字条没署名,但思琪认得这字——是那个生病的亲兵写的。那个皮肤黝黑、脸上有疤的北疆汉子。他终究还是说了。
她蹲下身,看着黑背。
“你怎么找到这个的?”
黑背低低地“呜”了一声。它用爪子在雪地上划了两下,划出两道深深的痕迹,又用鼻子指了指永和宫的方向。那意思很清楚——它潜入了永和宫,找到了那个亲兵,或许还威胁了他,才拿到了这个荷包。
思琪明白了。
她伸出手,摸了摸它的头。那触感粗糙,毛有些扎手,还沾着冰凉的雪。可她的心里却暖暖的。
“谢谢你。”她轻声说。
黑背舒服地眯起眼睛,喉咙里发出满足的呼噜声。那声音很轻,像远处传来的雷声,又像风吹过空谷。
思琪看着它,忽然有了一个主意。
“还有一件事。”她说,看着它的眼睛,用那种只有狗能听懂的方式,“我需要你找些朋友来。要机灵的,熟悉宫里地形的,最好是……不会被人注意的。越多越好。”
黑背歪了歪头,似乎在思考。
它的耳朵竖着,眼睛半眯着,像是在权衡什么。片刻后,它点了点下巴——那是狗表示“明白了”的方式。然后它转身,消失在夜色里。黑色的身影融进黑暗,眨眼就不见了。
思琪关好窗,回到床上,却再也睡不着。
她坐在床边,握着那个荷包。碎银子硌着掌心,字条被她攥得发热。她脑子里飞快地转着,像有无数个念头在奔跑,快的她抓不住。
西苑废殿。
那是前朝妃嫔住过的地方,早已荒废多年。听说那里闹鬼,平日里根本没人敢去。陆青被关在那里,说明二皇子不想让人知道,想让他无声无息地消失在那里。
而“欲除之”三个字,更是让她心惊。
二皇子要杀陆青灭口。
因为陆青知道得太多了。他知道小顺子的死,知道赵公公的勾当,知道那些藏在暗处的秘密。只要他活着,就是活证据。
必须尽快救他出来。
可怎么救?
她一个宫女,没有武功,没有人手,怎么进得去西苑?西苑再荒废,也有守卫。二皇子既然把人关在那里,肯定会派人看着。就算进去了,怎么对付那些看守?
正想着,窗外传来窸窸窣窣的声音。
那声音很轻,像老鼠在墙角跑动,又像风吹过枯叶。思琪起身一看,愣住了。
院子里来了四五条狗。
有土黄色的,毛色暗淡,瘦得皮包骨头。有花斑的,黑白相间,像打翻了墨汁。有纯黑的,和夜色融在一起,只能看见两点绿莹莹的眼睛。还有一条瘦骨嶙峋的老狗,走路都颤颤巍巍的,肋骨一根根凸出来。

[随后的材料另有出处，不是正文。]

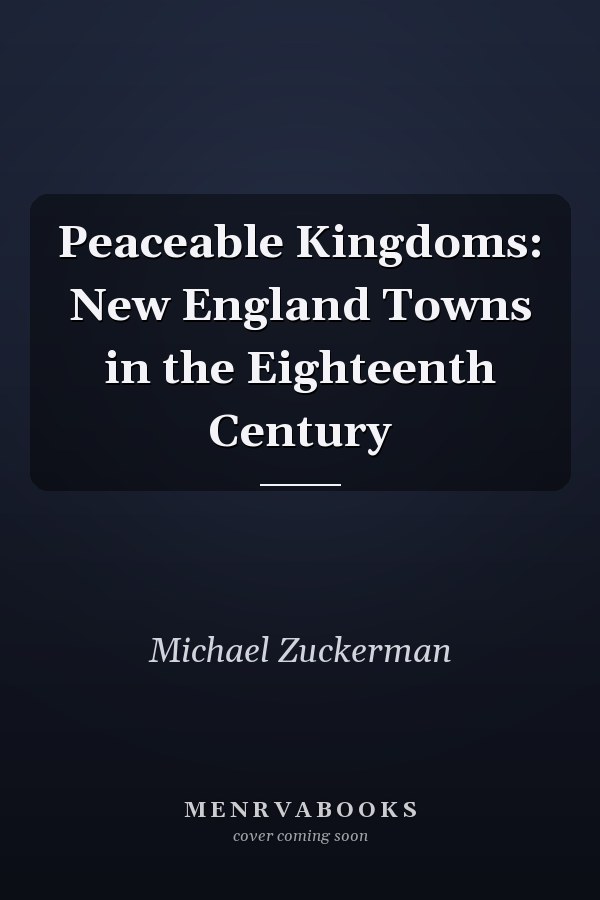 Peaceable Kingdoms: New England Towns in the Eighteenth Century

黑背站在最前面,像个首领,像个将军。它仰着头,挺着胸,威风凛凛。
见思琪开窗,它回头低低地叫了一声。
那叫声很短,很轻,却很有力。那些狗便都安静下来,不再走动,不再出声,齐刷刷地仰头看着思琪。一双双眼睛在黑暗里闪烁,绿的、黄的、棕的,像无数盏小灯。
“这些都是……”思琪有些惊讶。
黑背点点头。它用爪子指了指自己,又指了指那些狗。那意思是——这些都是我的朋友,听我的。我叫它们来,它们就来了。
思琪明白了。
她在窗台上摊开手,用那种特殊的语调说:“我需要你们的帮助。西苑废殿,你们知道在哪儿吗?”
一条花斑狗往前走了一步,摇了摇尾巴。
它知道。
它不但知道,还去过。它的眼神里写着:那里我去过,有老鼠,有野猫,还有人。
“那里有人看守。”思琪继续说,“大概三四个。我要救一个人出来。你们能帮忙引开那些看守吗?”
花斑狗回头看了看同伴。
几条狗交头接耳了一番——它们用眼神,用鼻子,用耳朵,用只有狗能懂的方式交流。然后都点了点头。那点头很整齐,像是在说“没问题”。
黑背又低叫了一声。
那条土黄狗立刻转身跑了,很快消失在夜色里。它的动作很快,像一道黄色的闪电。片刻后,它叼着一块破布回来,放在思琪窗下。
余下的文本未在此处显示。